Short web captions
▽
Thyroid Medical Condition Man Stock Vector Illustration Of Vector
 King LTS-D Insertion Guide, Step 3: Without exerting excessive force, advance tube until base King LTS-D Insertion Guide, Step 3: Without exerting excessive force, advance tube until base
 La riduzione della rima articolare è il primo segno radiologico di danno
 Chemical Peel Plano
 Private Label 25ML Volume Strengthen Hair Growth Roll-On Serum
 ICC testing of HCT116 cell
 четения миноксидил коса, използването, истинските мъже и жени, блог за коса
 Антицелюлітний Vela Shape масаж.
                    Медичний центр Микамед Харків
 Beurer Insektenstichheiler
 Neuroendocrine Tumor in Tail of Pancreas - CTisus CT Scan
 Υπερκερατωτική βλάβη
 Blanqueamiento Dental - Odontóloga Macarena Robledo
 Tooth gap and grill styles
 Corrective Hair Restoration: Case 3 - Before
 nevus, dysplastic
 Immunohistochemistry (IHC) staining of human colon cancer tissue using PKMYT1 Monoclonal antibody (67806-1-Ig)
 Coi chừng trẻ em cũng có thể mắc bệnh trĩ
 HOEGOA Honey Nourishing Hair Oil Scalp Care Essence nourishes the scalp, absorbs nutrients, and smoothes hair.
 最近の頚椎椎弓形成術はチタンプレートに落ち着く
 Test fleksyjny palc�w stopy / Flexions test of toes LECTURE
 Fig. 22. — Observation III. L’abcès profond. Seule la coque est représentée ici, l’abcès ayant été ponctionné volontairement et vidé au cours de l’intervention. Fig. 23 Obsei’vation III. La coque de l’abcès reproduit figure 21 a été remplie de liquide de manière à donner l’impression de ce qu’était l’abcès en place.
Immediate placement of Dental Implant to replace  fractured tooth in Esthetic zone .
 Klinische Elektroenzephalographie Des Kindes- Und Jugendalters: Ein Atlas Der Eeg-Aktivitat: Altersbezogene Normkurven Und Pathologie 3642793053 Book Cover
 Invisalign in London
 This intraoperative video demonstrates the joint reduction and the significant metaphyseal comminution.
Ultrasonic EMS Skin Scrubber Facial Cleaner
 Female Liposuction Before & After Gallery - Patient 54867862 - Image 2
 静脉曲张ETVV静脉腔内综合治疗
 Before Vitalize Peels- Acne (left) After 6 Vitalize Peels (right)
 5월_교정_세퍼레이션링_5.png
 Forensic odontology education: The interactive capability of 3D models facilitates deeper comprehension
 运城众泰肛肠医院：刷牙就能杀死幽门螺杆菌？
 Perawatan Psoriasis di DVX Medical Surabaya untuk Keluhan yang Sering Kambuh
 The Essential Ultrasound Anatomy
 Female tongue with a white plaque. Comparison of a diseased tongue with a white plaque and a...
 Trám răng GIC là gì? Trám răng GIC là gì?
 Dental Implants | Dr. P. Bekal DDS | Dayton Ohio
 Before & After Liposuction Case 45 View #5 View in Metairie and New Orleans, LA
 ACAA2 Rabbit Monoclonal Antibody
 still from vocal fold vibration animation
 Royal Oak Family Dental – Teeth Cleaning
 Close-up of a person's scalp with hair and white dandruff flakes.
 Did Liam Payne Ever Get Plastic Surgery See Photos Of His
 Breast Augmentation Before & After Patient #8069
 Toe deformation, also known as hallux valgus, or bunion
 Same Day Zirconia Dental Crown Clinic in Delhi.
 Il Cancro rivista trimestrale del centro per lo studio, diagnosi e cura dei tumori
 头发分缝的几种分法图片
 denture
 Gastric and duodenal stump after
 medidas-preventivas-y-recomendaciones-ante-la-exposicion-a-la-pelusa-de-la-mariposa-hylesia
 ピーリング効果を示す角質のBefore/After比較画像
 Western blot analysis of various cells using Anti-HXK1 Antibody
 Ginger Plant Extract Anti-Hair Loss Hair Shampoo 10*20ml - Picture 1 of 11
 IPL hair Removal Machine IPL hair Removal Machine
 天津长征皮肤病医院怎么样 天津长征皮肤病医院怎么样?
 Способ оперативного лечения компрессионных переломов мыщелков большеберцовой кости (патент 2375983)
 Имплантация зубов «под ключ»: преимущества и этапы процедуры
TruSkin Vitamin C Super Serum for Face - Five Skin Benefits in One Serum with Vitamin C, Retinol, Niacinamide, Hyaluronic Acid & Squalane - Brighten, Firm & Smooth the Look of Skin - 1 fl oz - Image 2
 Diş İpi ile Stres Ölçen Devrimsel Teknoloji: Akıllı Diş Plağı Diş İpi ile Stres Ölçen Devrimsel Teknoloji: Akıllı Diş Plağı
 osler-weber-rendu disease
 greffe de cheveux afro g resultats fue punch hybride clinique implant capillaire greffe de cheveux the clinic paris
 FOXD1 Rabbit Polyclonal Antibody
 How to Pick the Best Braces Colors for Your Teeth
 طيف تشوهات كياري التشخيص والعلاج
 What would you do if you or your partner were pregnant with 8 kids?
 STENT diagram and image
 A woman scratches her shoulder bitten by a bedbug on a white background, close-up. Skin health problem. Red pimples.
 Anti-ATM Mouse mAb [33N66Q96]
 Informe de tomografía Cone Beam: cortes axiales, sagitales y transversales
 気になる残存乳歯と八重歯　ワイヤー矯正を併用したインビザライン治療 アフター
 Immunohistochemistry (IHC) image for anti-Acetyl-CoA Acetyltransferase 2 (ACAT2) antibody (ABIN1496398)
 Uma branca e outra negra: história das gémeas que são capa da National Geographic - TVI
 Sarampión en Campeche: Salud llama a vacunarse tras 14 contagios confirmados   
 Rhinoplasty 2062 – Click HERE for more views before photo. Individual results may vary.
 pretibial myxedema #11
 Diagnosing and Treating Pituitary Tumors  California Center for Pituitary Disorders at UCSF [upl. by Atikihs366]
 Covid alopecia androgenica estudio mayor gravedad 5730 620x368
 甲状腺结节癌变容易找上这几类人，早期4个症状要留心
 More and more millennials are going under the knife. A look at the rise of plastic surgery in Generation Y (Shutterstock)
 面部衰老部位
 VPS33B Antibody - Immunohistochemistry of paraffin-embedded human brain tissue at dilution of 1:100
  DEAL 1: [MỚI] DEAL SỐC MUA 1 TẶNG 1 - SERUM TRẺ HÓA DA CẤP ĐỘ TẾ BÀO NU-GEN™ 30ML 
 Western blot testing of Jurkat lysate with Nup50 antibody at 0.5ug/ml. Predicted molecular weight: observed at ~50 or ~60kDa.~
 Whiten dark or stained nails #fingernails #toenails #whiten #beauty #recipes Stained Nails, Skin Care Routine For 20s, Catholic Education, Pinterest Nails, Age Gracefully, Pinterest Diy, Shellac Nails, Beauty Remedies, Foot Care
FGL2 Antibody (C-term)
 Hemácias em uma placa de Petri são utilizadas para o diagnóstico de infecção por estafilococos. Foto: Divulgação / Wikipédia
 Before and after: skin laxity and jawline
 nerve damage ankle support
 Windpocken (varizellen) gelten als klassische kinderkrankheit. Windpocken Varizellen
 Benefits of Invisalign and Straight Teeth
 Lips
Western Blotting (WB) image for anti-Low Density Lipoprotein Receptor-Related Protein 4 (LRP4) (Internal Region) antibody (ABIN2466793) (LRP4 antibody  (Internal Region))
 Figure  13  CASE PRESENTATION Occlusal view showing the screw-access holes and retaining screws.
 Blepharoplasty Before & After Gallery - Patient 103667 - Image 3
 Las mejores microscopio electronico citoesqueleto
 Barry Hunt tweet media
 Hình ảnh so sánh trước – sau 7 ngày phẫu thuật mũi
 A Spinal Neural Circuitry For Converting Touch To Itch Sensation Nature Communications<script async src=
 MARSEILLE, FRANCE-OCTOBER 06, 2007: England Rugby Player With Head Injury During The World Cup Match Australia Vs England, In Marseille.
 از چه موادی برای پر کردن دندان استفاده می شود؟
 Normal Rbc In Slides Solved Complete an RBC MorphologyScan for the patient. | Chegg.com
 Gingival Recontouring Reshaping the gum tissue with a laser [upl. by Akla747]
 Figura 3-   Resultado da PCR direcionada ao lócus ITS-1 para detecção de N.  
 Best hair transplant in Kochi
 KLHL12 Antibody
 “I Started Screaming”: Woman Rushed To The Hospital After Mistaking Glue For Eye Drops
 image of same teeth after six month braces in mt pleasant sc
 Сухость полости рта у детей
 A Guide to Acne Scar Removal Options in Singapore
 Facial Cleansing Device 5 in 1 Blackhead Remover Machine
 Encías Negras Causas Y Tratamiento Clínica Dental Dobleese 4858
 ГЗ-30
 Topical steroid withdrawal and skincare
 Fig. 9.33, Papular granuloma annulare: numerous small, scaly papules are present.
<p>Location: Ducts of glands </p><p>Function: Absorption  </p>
△
What you should do
Above are the entries. Output exactly the lines beginning with the line that has "Female Liposuction Before" and ending with the line that has "Royal Oak Family Dental – Teeth Cleaning".

Solution to this exercise
 Female Liposuction Before & After Gallery - Patient 54867862 - Image 2
 静脉曲张ETVV静脉腔内综合治疗
 Before Vitalize Peels- Acne (left) After 6 Vitalize Peels (right)
 5월_교정_세퍼레이션링_5.png
 Forensic odontology education: The interactive capability of 3D models facilitates deeper comprehension
 运城众泰肛肠医院：刷牙就能杀死幽门螺杆菌？
 Perawatan Psoriasis di DVX Medical Surabaya untuk Keluhan yang Sering Kambuh
 The Essential Ultrasound Anatomy
 Female tongue with a white plaque. Comparison of a diseased tongue with a white plaque and a...
 Trám răng GIC là gì? Trám răng GIC là gì?
 Dental Implants | Dr. P. Bekal DDS | Dayton Ohio
 Before & After Liposuction Case 45 View #5 View in Metairie and New Orleans, LA
 ACAA2 Rabbit Monoclonal Antibody
 still from vocal fold vibration animation
 Royal Oak Family Dental – Teeth Cleaning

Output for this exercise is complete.